++++ Information provided ++++

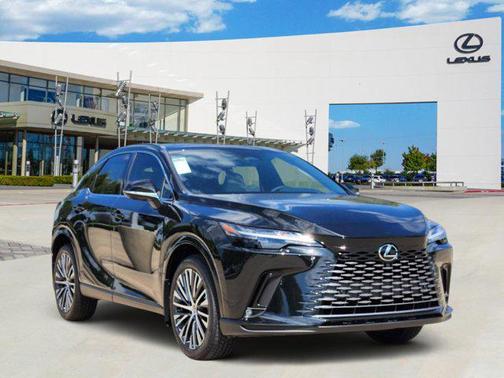 2025 Lexus RX 350 Premium Plus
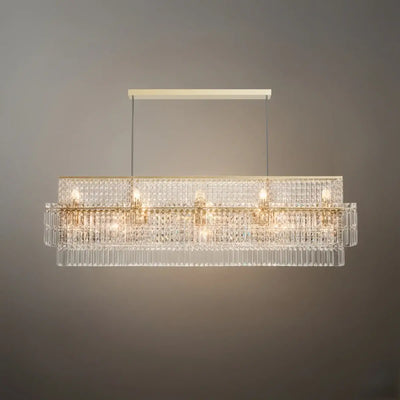 Excelis_Royal_Cascade_Crystal_Chandelier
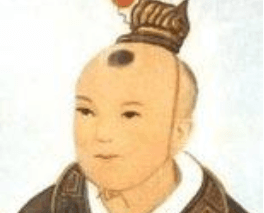 汉殇帝刘隆：中国帝王中即位年龄最小、寿命最短的皇帝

++++

### What you need to do
Copy out every line above, word for word, minus images.

### Task solution
 2025 Lexus RX 350 Premium Plus
 Excelis_Royal_Cascade_Crystal_Chandelier
 汉殇帝刘隆：中国帝王中即位年龄最小、寿命最短的皇帝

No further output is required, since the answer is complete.